> **Dataset excerpt**:
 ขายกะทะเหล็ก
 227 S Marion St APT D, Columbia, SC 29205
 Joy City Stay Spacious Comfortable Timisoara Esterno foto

> **What you are asked to do**: Repeat precisely the lines of the data starting at the one containing "227 S Marion St APT D, Columbia, SC 29205", last line included.

> **Task response**:
 227 S Marion St APT D, Columbia, SC 29205
 Joy City Stay Spacious Comfortable Timisoara Esterno foto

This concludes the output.